I have a mystery to solve when upgrading our Rails3.2 Ruby 1.9 app to a Rails3.2 Ruby 2.1.2 one. Nokogiri seems to break, in that it changes its behavior using open-uri. No gem versions are changed, just the ruby version (this is all on OSX Mavericks, using brew, gcc4 etc).
Steps to reproduce:
$ ruby -v
ruby 1.9.3p484 (2013-11-22 revision 43786) [x86_64-darwin13.1.0]
$ rails console
Connecting to database specified by database.yml
Loading development environment (Rails 3.2.18)
> feed = Nokogiri::XML(open(URI.encode("http://anyblog.wordpress.org/feed/")))

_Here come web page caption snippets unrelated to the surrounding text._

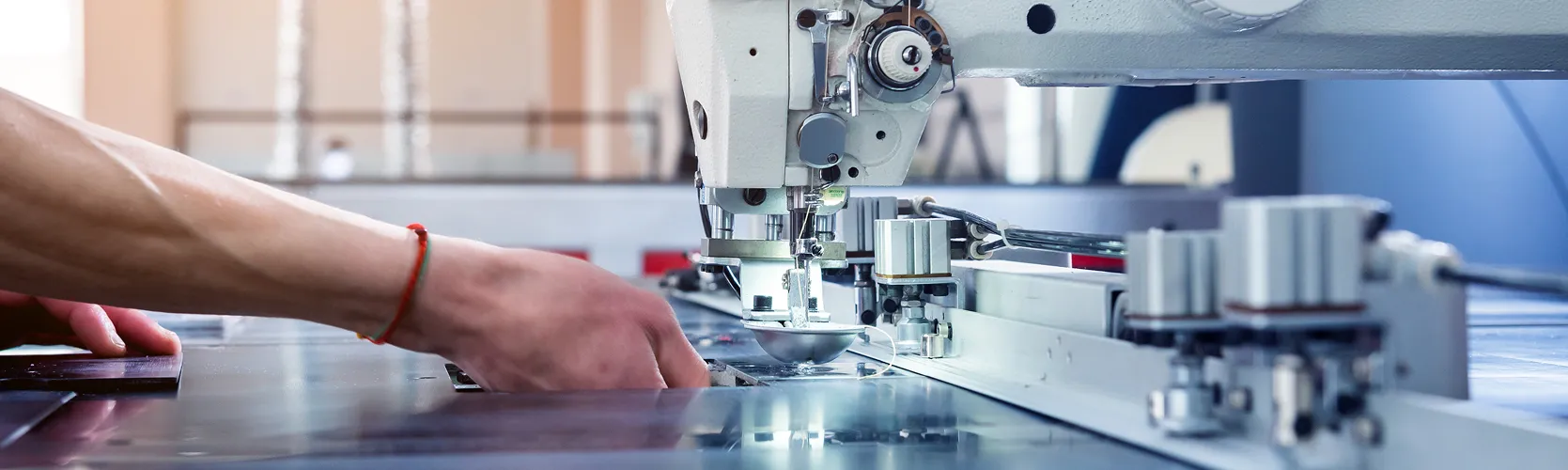 Mão a operar uma máquina de costura industrial na Rukom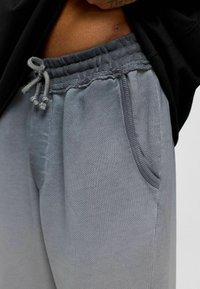Grijze sweatpants met een elastische tailleband met koord, textuurstof, zijzakken en een relaxte pasvorm.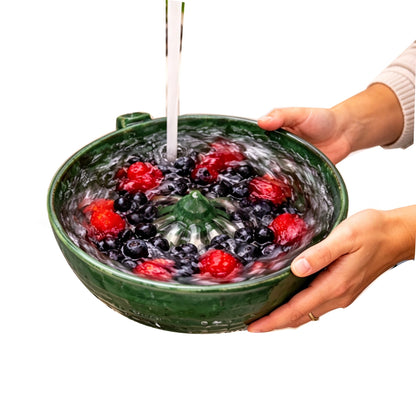 Berry Vortex Washing Bowl with fresh berries being rinsed under running water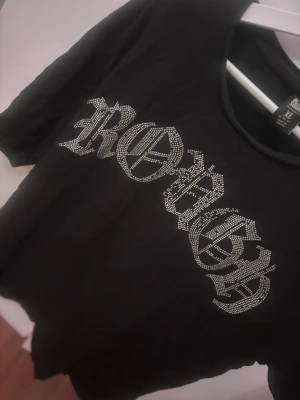 Svart t-shirt med strass från Black Squad - Svart t-shirt från Black Squad i relaxed fit med coolt strassmönster i form av texten 'ROUGH' på bröstet. Klassisk rund halsringning och korta ärmar. 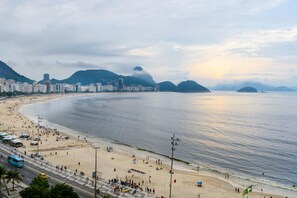 A beach with a cityscape in the background, including buildings and mountains.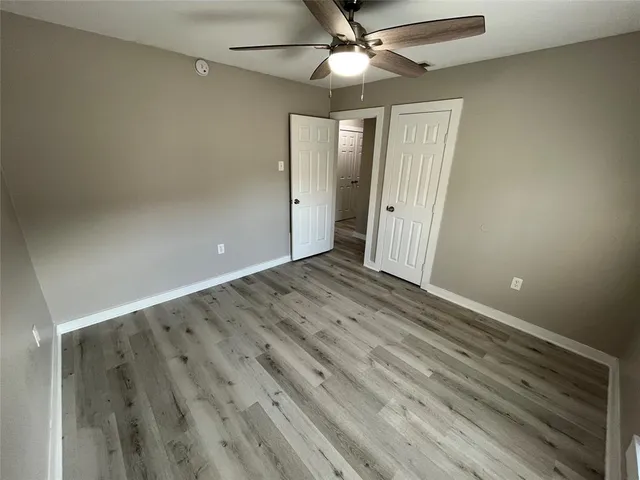 an empty room with wooden floor fan and windows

=> #(Document:0x3fcb82f08448 {
name = "document",
children = [
..
> feed.xpath("//item").count
=> 10
So all good! Next, after a rvm change to Ruby 2.1.2 and a bundle install..
$ ruby -v
ruby 2.1.2p95 (2014-05-08 revision 45877) [x86_64-darwin13.0]
$ rails console
Connecting to database specified by database.yml
Loading development environment (Rails 3.2.18)
> feed = Nokogiri::XML(open(URI.encode("http://anyblog.wordpress.org/feed/")))
=>
> feed.inspect
=> "#<Nokogiri::XML::Document:0x86a1f21c name=\"document\">"
> feed.xpath("//item").count
=> 0
So it looks like the 'open' encoding has changed, in that a gzip http stream isn't being fed correctly to nokogiri? I checked with a nokogiri -v and it is using the packaged xml libs rather than system ones. Is this a open-uri Ruby 2.1.2 issue?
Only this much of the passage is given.